В 1755 г. в первом томе журнала «Ежемесячные сочинения, к пользе и увеселению служащие», выходившие под редакцией Миллера, была опубликована его статья «О первом летописателе российском преподобном Несторе, о его летописи и о продолжателях оныя», отрицавшая, обращал внимание С.Л. Пештич, за «Историей Российской» Татищева «научное достоинство» (хотя автор признается, что руководством в истории русского летописания для него был именно Татищев, т. к. строил свою статью «отчасти из оставшихся после покойнаго... Татищева известий, а отчасти из собственнаго нашего изследования...»). По заключению Миллера, «кто историю читает только для своего увеселения, тот подлинно сими его трудами будет доволен... а кто далее желает поступить, тот может справливаться с самим Нестором и с его продолжателями», т.е. он противопоставил сочинение Татищева летописям. А данной статьей восхищались С.М.Соловьев и В.О.Ключевский, подчеркивая, что она оказала благотворное воздействие на последующую историографию.

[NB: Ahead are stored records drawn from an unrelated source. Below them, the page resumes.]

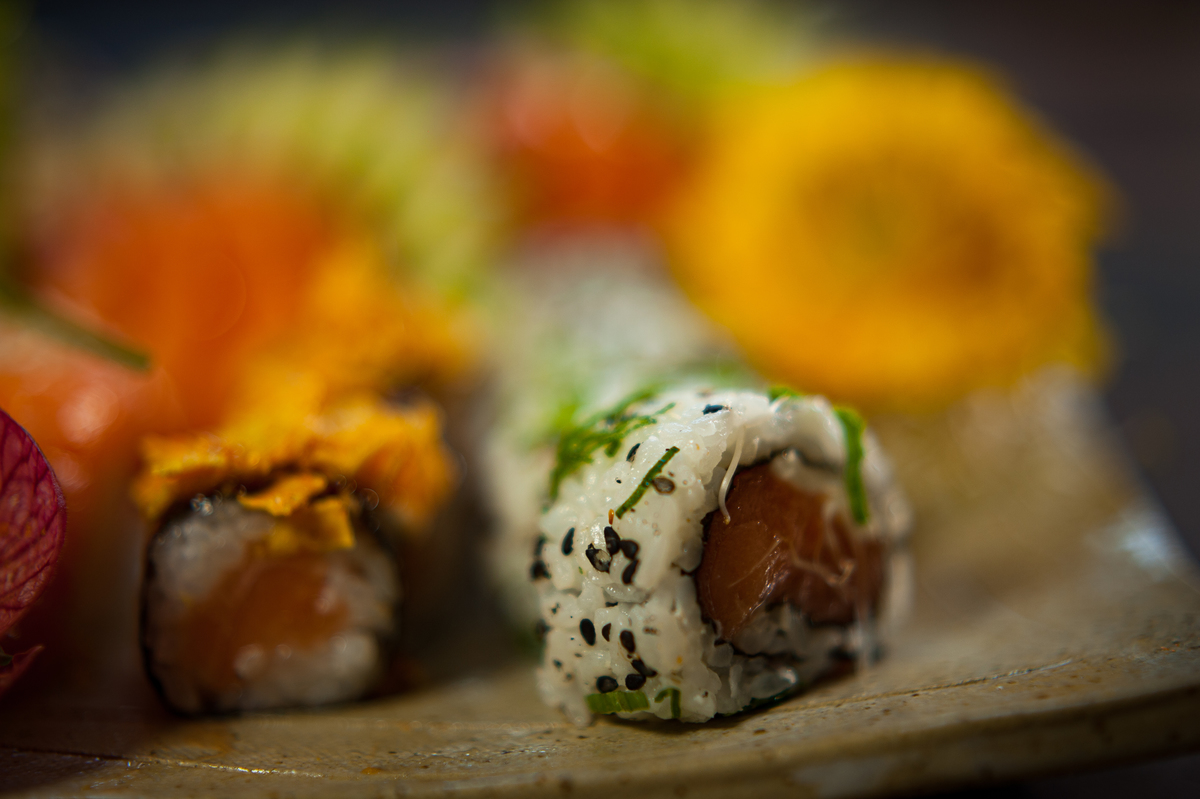 Enjoy Sushi Lounge, a melhor experiência em Sushi!!! Alta Gastronomia da Culinária Oriental.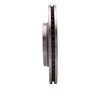 E-Line Blank Brake Rotor, Fits Select Lexus/Toyota/Scion, Position: Front - image 2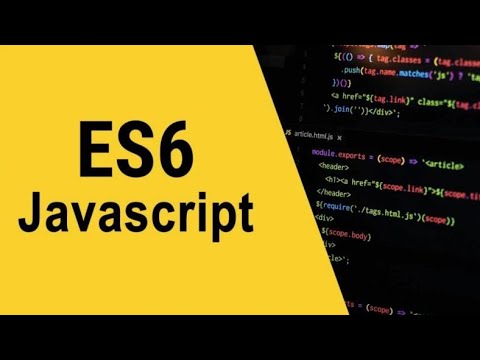 React Tutorial in Hindi : ES6  ES 2015 part 2
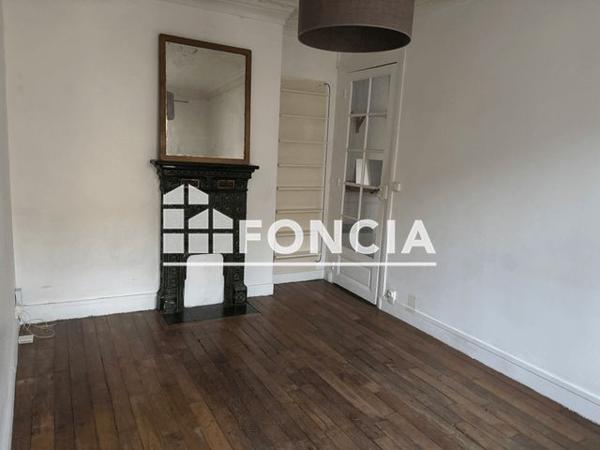 Location Appartement 2 pièces 33.08 m² - 18 RUE EUGENE VARLIN Paris 75010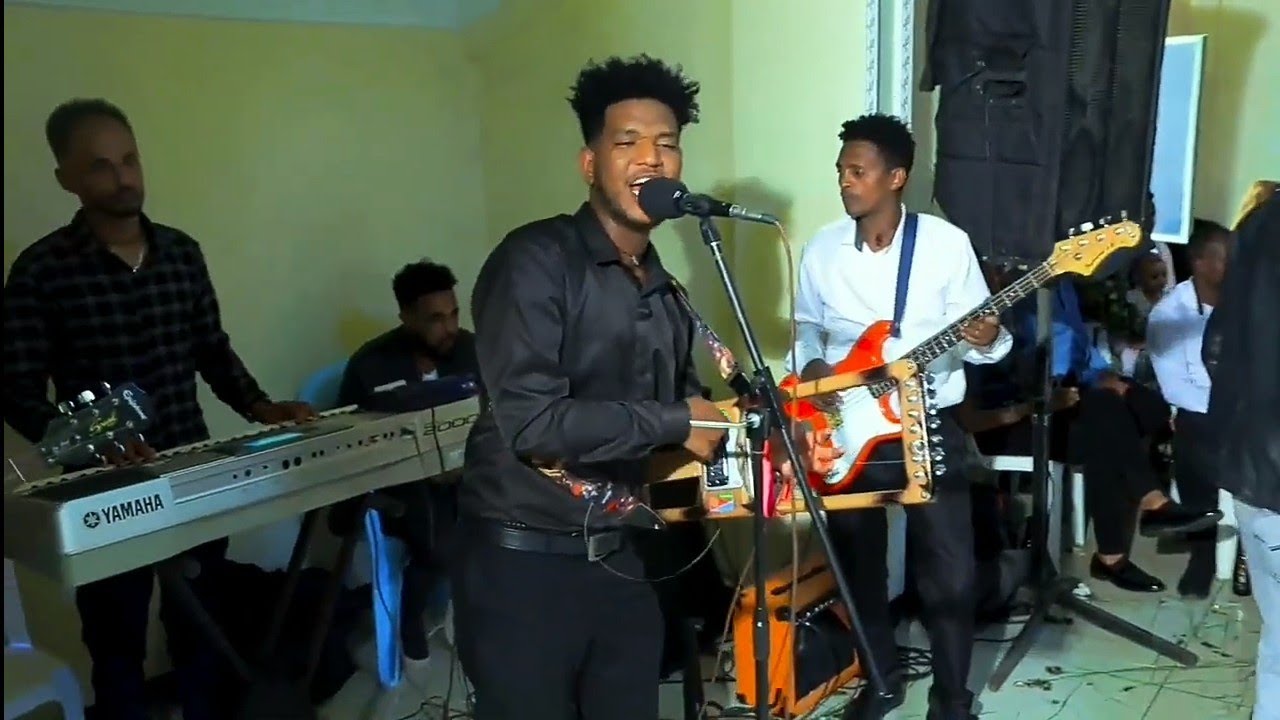 New Eritrean guyla Nahom tsge (wedi tsge) 2024 in adiss Ababa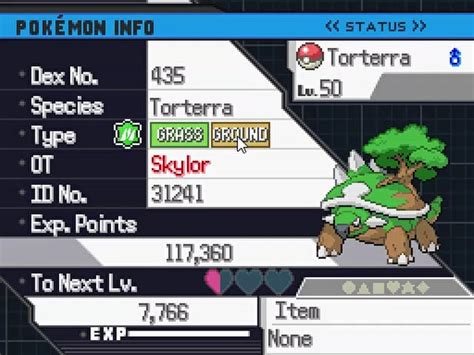 torterra serebii|torterra signature move.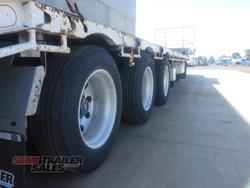 2017 Panus 45FT Dropdeck with Ramps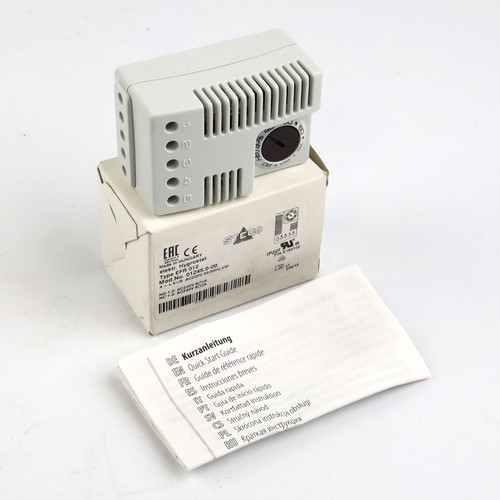 Stego elektronischer hygrostat - stego,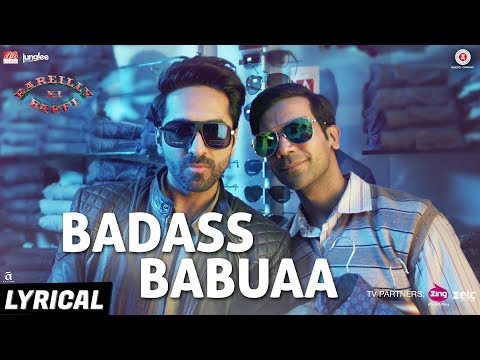 Badass Babuaa Song Lyrics image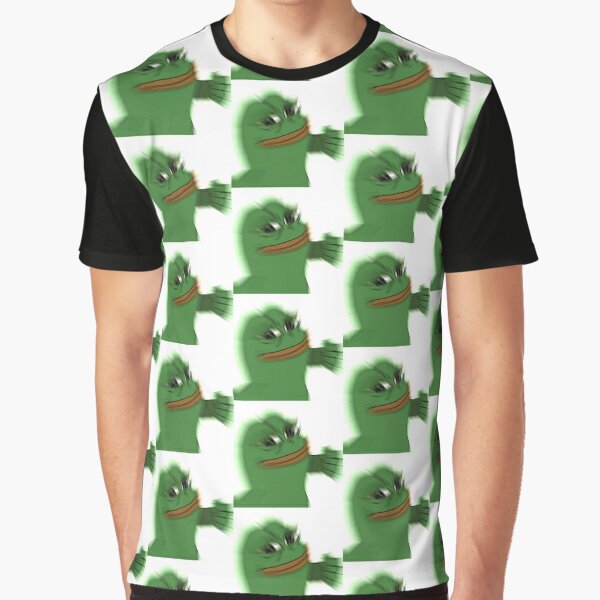 Honkler Vs Npc Fashion Vintage Tshirt T Shirts Frog Happy Special Pepe Meme  Toilet Twitch Emotes Pepega Cartoon Animal Green - AliExpress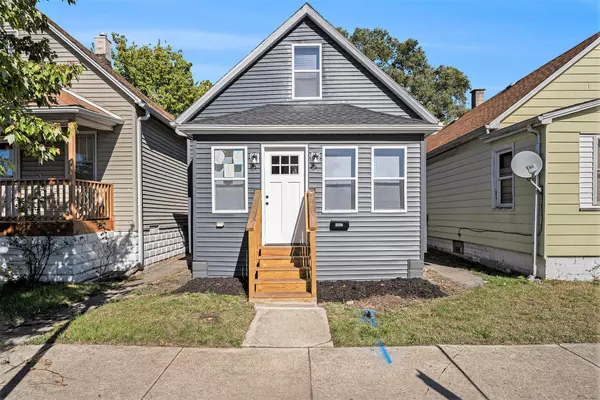 1037 Ames ST, Hammond, IN 46320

И эти отзывы вполне справедливы, ибо в ней впервые излагаются, отмечает Г.Н. Моисеева, «взгляды на древнейшую историю русского летописания» и биографические сведения о Несторе, ставится «вопрос о первоначальном своде, который оканчивался 1116 годом», содержатся известия о продолжателях Несторе - о Сильвестре, о неизвестном летописце из Волыни, доведшем изложение до 1157 г., о суздальском епископе Симоне и о новгородском священнике Иоанне. Но, по сути, данная статья и ее основные положения принадлежат не руке Миллера, а руке человека, в научной состоятельности которого Миллер не постеснялся открыто выразить сомнение. В 1967 г. Моисеева, занявшись выяснением, по ее словам, «удивительного факта» написания еще недавно не знавшим древнерусского языка ученым статьи, ставшей «этапом в изучении летописания», установила, что она представляет собой перепечатку из «Истории Российской» Татищева (до начала его издания в 1768 г. Миллером этот сочинение ходило в рукописи). «Миллер, - подытоживает исследовательница, - использовал «первоначальную» редакцию татищевского труда, присланную в Академию наук...», а именно его пятую («О летописи Нестора»), шестую («О последовавших летописателях») и седьмую («О списках или манускриптах») главы, а также заимствовал мнение Татищева «о значении русских летописей как исторических источников и его вывод о «главнейших» списках Несторовой летописи» (этот вывод Моисеева еще раз повторила в 1971 г.)[54].
Свое отношение к Татищеву Миллер не забыл подчеркнуть и в 1773 г. в книге «О народах издревле в России обитавших», первоначально изданной в Петербурге на немецком языке (была переведена на русский через пятнадцать лет). Причем, коснувшись его вывода варягов-руси от финнов, апеллирует прежде всего к чувствам читателя, искусственно вызывая у того несвойственную русскому человеку, мирному создателю огромного многонационального государства, досаду националистического свойства: и как это автор, трудясь над историей тридцать лет, «столь многия руския летописи одну с другою сводивший, все то читавший, что писано на немецком языке, которой разумел он основательно, также помощию разных переводчиков употреблявший древних латинских и греческих на латинской язык переведенных авторов, и на конец в силе разума неоскудевший, мог прилепиться к мнению для сограждан его столь оскорбительному» (на примере уже Татищева видно, что русские в своей связи - исторической и кровной - с угро-финнами, или чудью, не видели ничего оскорбительного, да и такое им просто в голову не могло прийти, и о чуди, как составной части русского народа говорил Ломоносов, отмечая при этом такое «величество» чудских поколений в древности, что некоторые из них вместе со славянами призывали варягов[55]). В этой же книге Миллер не обошел вниманием и одного из принципиальных критиков своей так и не произнесенной на торжественном заседании Академии наук речи «О происхождении имени и народа российского», утверждая, что хотя «искусной российской писатель во всех почти науках прославиться старавшийся» Ломоносов и имеет великие заслуги «в российском письмоводстве», но в истории не оказал «себя искусным и верным повествователем»[56].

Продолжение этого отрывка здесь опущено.